## [What to produce]
With pictures left out, set down exactly the lines from the line containing "knitted Bear - 3MF" through the last line of the data.

## [Collected material]
== Segment start ==

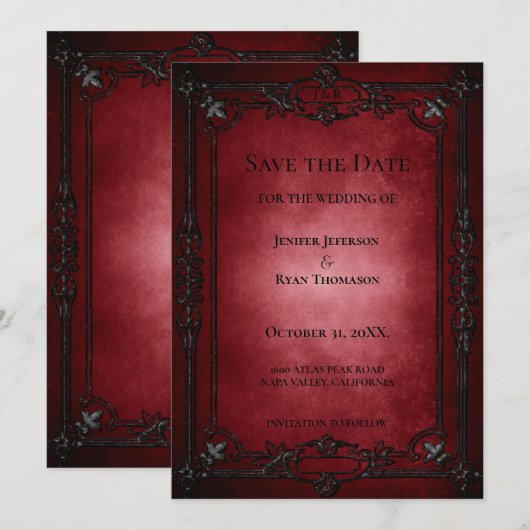 Red Gothic Halloween wedding save the date 案内状 (正面/裏面)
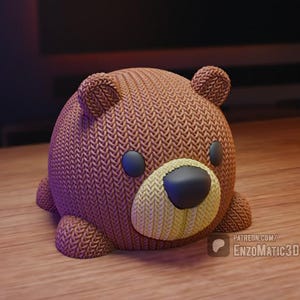 knitted Bear - 3MF - STL file for 3D print - print in place, no supports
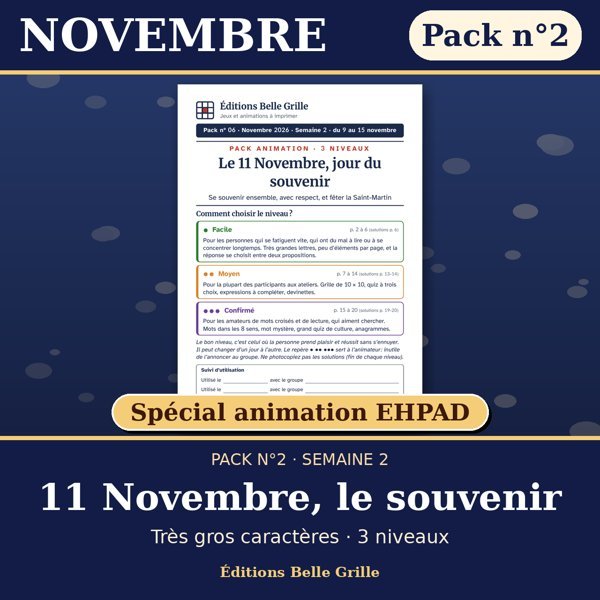 Couverture : Novembre · Pack n°2 11 Novembre, le souvenir – Spécial animation EHPAD, jeux seniors en très gros caractères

== Segment end ==

## [Task solution]
 knitted Bear - 3MF - STL file for 3D print - print in place, no supports
 Couverture : Novembre · Pack n°2 11 Novembre, le souvenir – Spécial animation EHPAD, jeux seniors en très gros caractères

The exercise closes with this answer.